(Short descriptive text snippets)

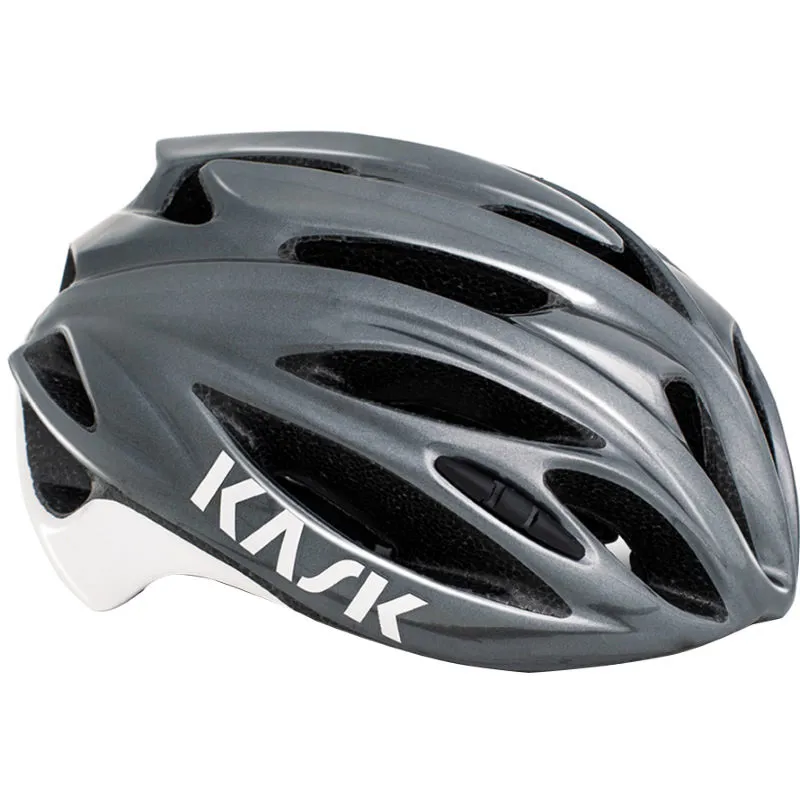 Kask Rapido Grey/Antracite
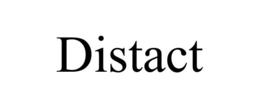 DISTACT trademark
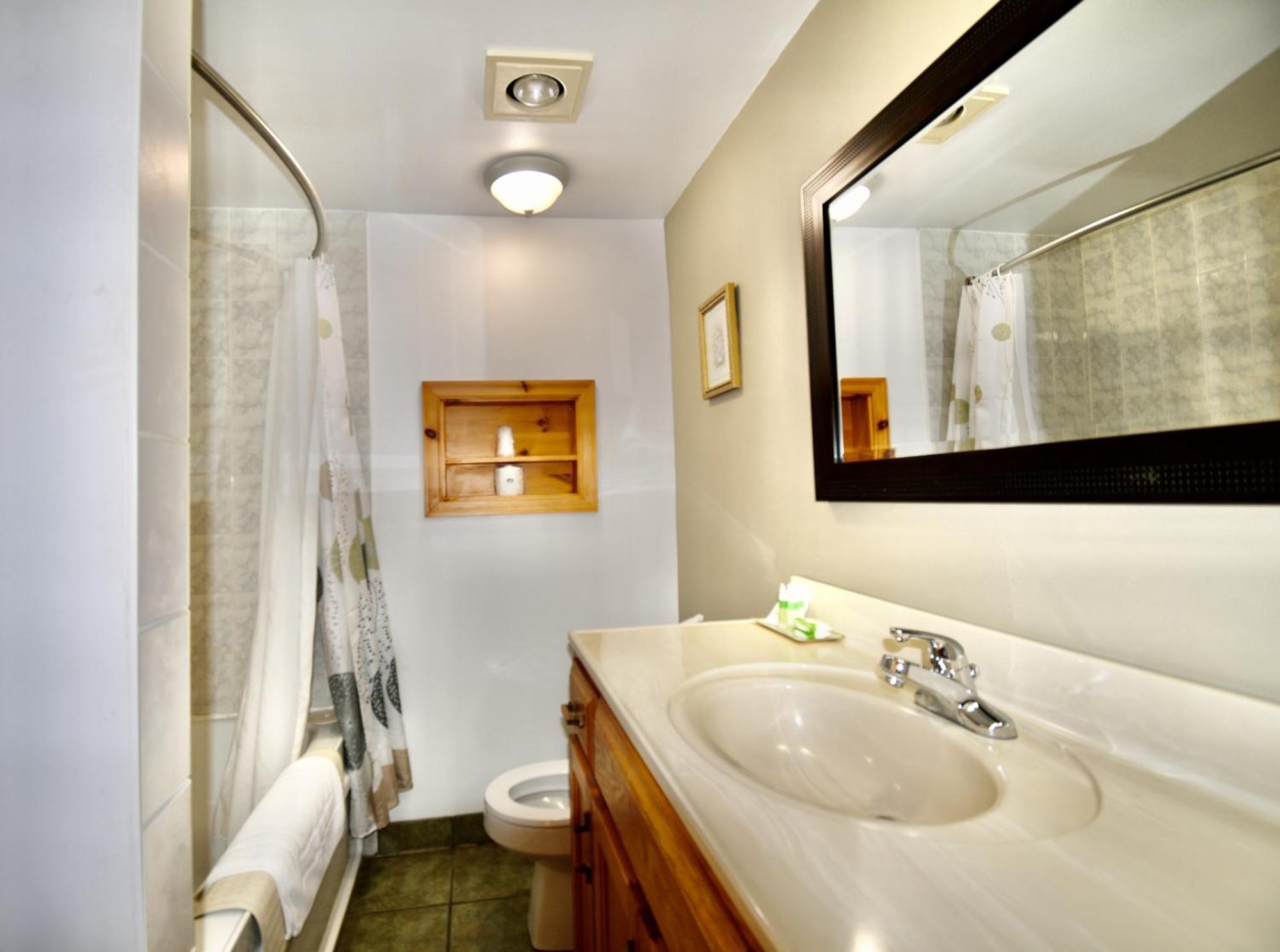 Dewar'S Inn And Cottages Prescott Bilik gambar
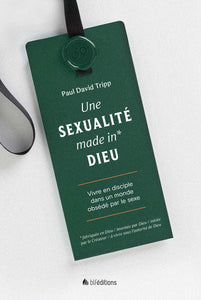 Une sexualité made in* Dieu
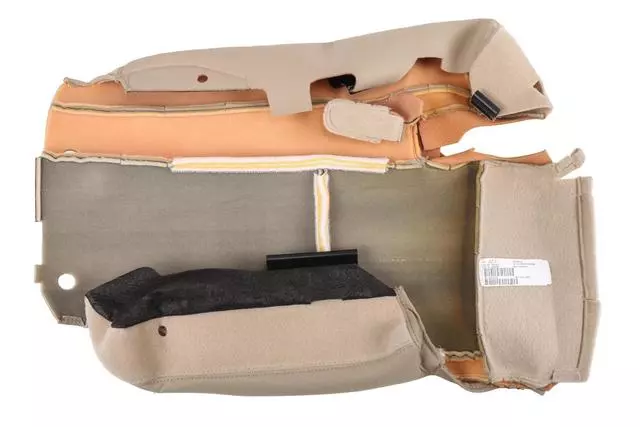 2010-2014 GM Seat Cover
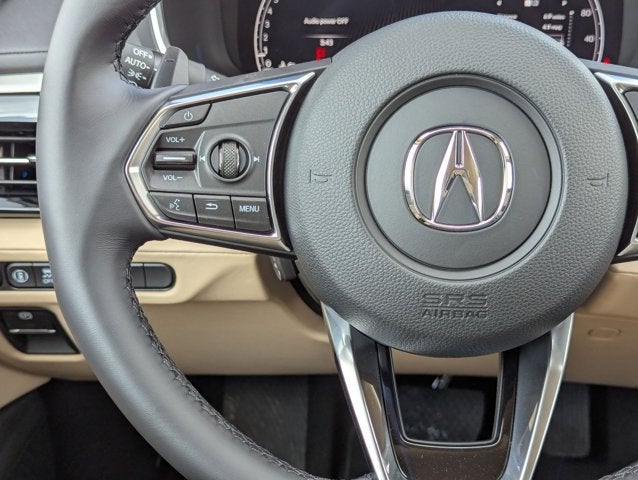 2026 Acura MDX w/Technology Package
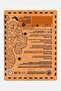 Magnetic Octopus Figured Wooden Puzzle - 2
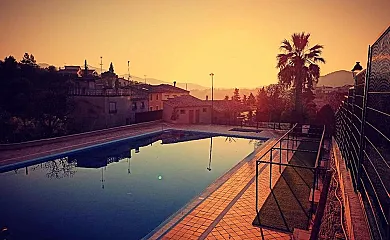 Casa Rural La Canal en Cabacés (Tarragona) - Foto 2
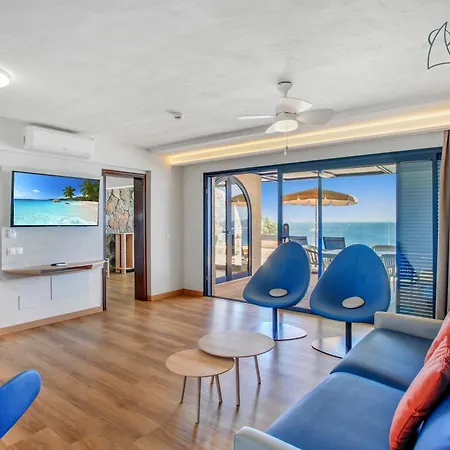 Garden & Sea Boutique By Livvo Morro Jable (Fuerteventura)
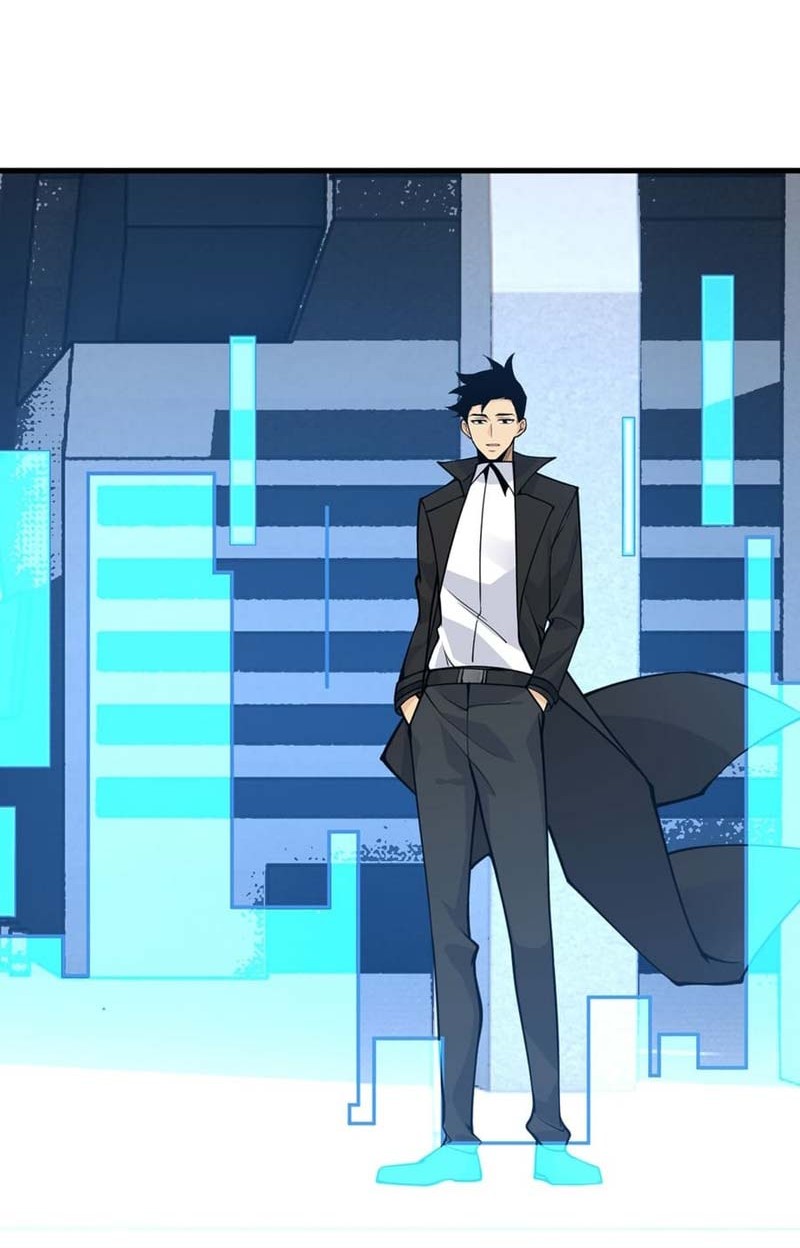 OP After 30 Days Of Sign-In Chapter 71 Gambar 53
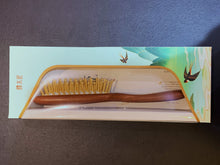 Load image into Gallery viewer, HDS Hair Care Comb 2-4
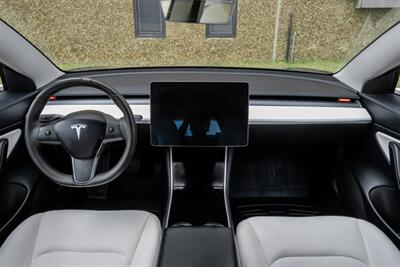 2020 Tesla Model 3 Standard Range Plus - Photo 13 - Dallas, TX 75220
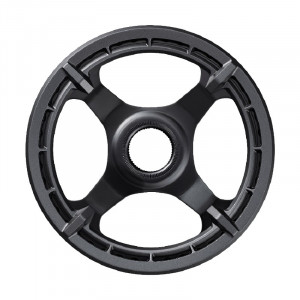 FOAIE SHIMANO SM-CRE61 38T CU CG(SIMPLU) PT. CHAIN LINE 46.5MM AMBALAT IND.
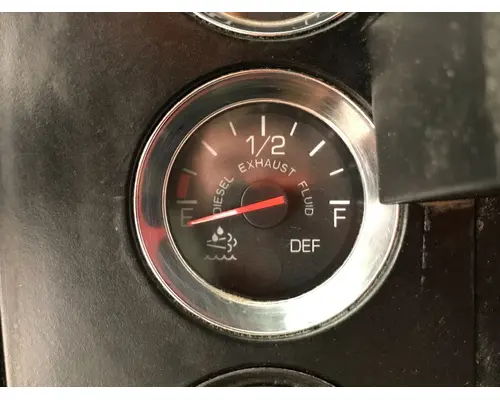 Kenworth T700 Dash Assembly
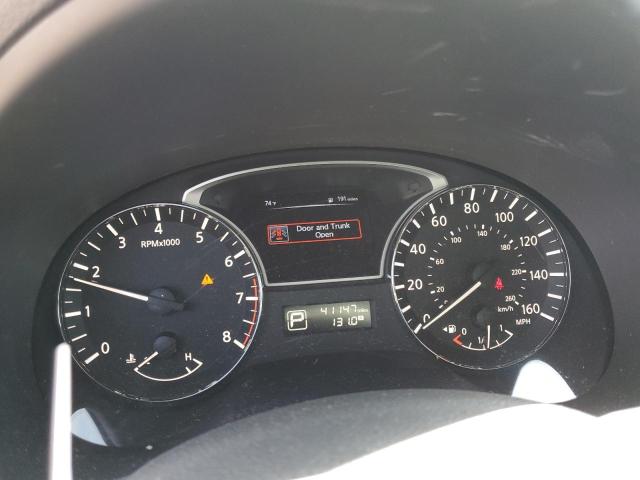 2015 Nissan Altima 2.5 VIN: 1N4AL3AP0FC591257 Lot: 54649354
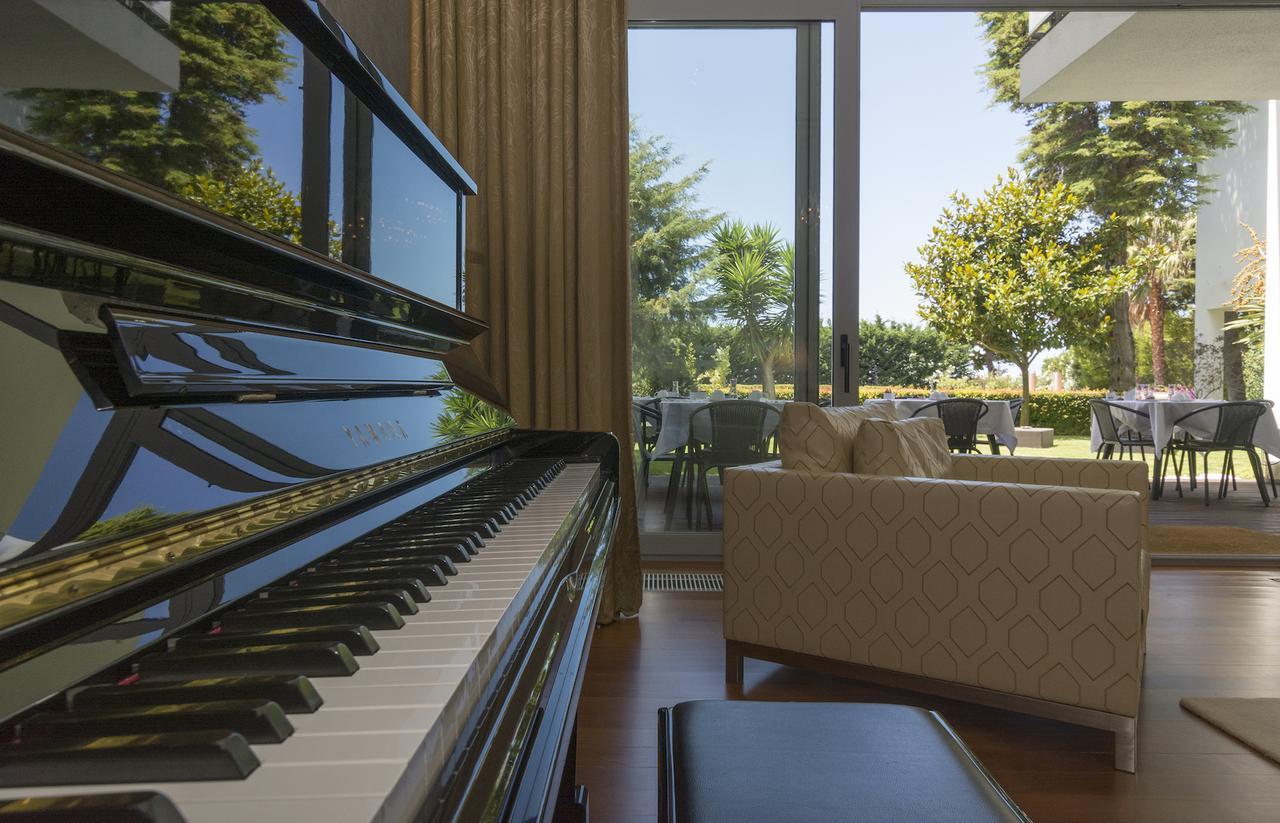 Cascais Casa Laranja Guesthouse Dış mekan fotoğraf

▸ What you need to do:
Write the entries out again word for word. Omit all pictures from them.

▸ Response:
 Kask Rapido Grey/Antracite
 DISTACT trademark
 Dewar'S Inn And Cottages Prescott Bilik gambar
 Une sexualité made in* Dieu
 2010-2014 GM Seat Cover
 2026 Acura MDX w/Technology Package
 Magnetic Octopus Figured Wooden Puzzle - 2
 Casa Rural La Canal en Cabacés (Tarragona) - Foto 2
 Garden & Sea Boutique By Livvo Morro Jable (Fuerteventura)
 OP After 30 Days Of Sign-In Chapter 71 Gambar 53
 Load image into Gallery viewer, HDS Hair Care Comb 2-4
 2020 Tesla Model 3 Standard Range Plus - Photo 13 - Dallas, TX 75220
 FOAIE SHIMANO SM-CRE61 38T CU CG(SIMPLU) PT. CHAIN LINE 46.5MM AMBALAT IND.
 Kenworth T700 Dash Assembly
 2015 Nissan Altima 2.5 VIN: 1N4AL3AP0FC591257 Lot: 54649354
 Cascais Casa Laranja Guesthouse Dış mekan fotoğraf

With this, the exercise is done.